Comradely yours, William Z. Foster.

Note by William Z. Foster

The above letter to the National Committee was rejected at an enlarged meeting of the Political Bureau, held on February 8, 1944, with about 40 leading Party members in attendance and voting. Comrade Browder put as the main issue of the meeting, not a re-survey of the political policies, in the light of my letter, but the preservation of the unity of the Party. After a day’s discussion, all present voted against my letter, except Darcy and myself.

As a result of this serious rebuff and in view of Comrade Browder’s expressed determination to stamp out all open opposition, an attitude on his part which was strengthened by the heavy vote of the enlarged Political Bureau against my letter, I concluded that it would be folly for me to try to take the question to the Party membership at that time. For to do so would have weakened our general work in support of the war; ruined our current big recruiting drive, interfered seriously with the development of our vital national election campaign, and perhaps resulted in splitting our Party.

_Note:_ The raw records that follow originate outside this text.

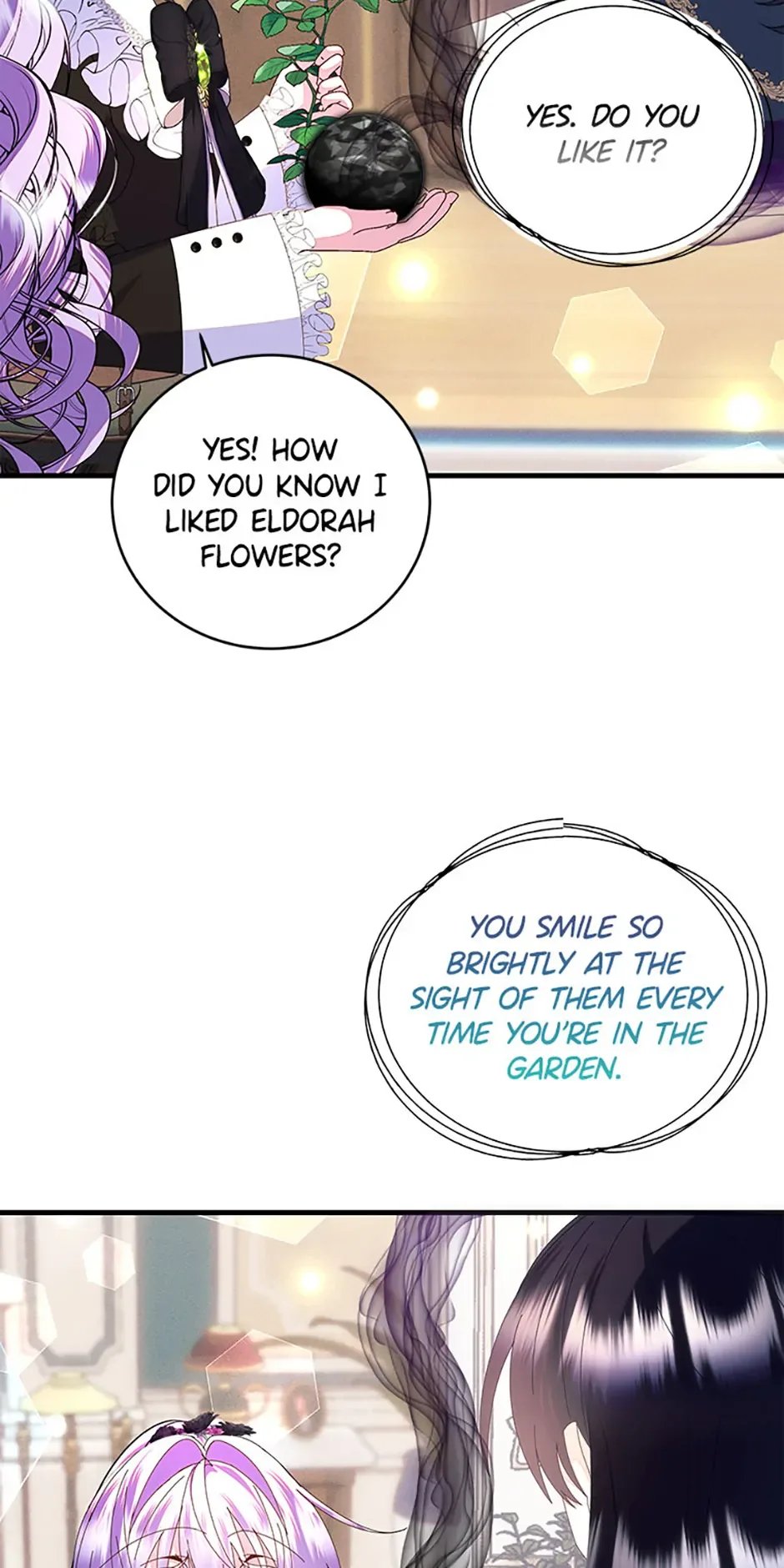 I’m the Main Character’s Child Chapter 66 page 10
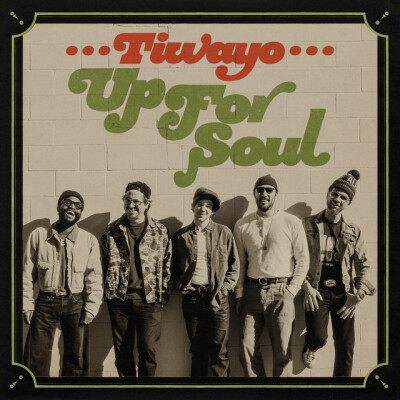 NDJ NEO TIWAYO Up for soul cover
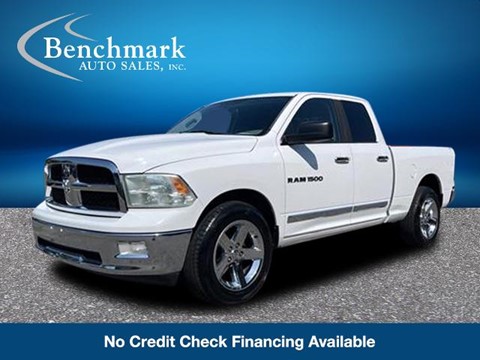 2011 RAM 1500 Laramie Pickup 4D 6 1/3 ft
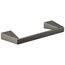 Trillian Toilet Paper Holder (Black Stainless)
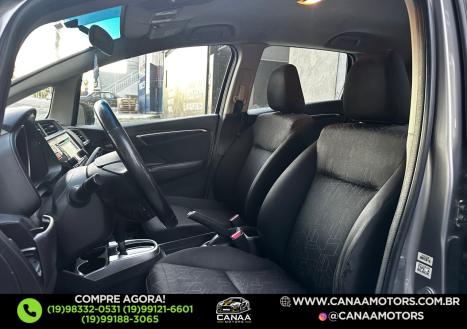 HONDA Fit 1.5 16V 4P EX FLEX AUTOMTICO, Foto 8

So I decided to confine my opposition to the ranks of the National Committee, a course which I followed during the next year and a half by means of innumerable criticisms, policy proposals, articles, etc., all going in the direction of eliminating Comrade Browder’s opportunistic errors. I was convinced that the course of political events and the Communist training of our leadership would eventually cause our Party to return to a sound line of policy.

It will be noted that my letter to the National Committee does not discuss the matter of dissolution, or reorganization, of the Communist Party into the Communist Political Association.

When Comrade Browder proposed this liquidatory step several members of the National Board raised objections to it, and, of course, I opposed and voted against it. Nevertheless Comrade Browder was able to push it through in spite of this opposition. At the time of my sending the letter to the National Committee, things had proceeded so far that I considered the reorganization of the Party into the C.P.A. as virtually an accomplished fact. It had already been publicly announced and endorsed at the January meeting of the National Committee, and, in fact, the Party was already in the preliminary stages of reorganization. Consequently, I felt that further agitation of the matter was hopeless for the time being and could only cause useless strife and confusion in our ranks. So I left the whole question out of my letter to the National Committee. The immediate task, as I saw it, was for me to help to keep the C.P.A., in fact, if not in name, the Communist Party.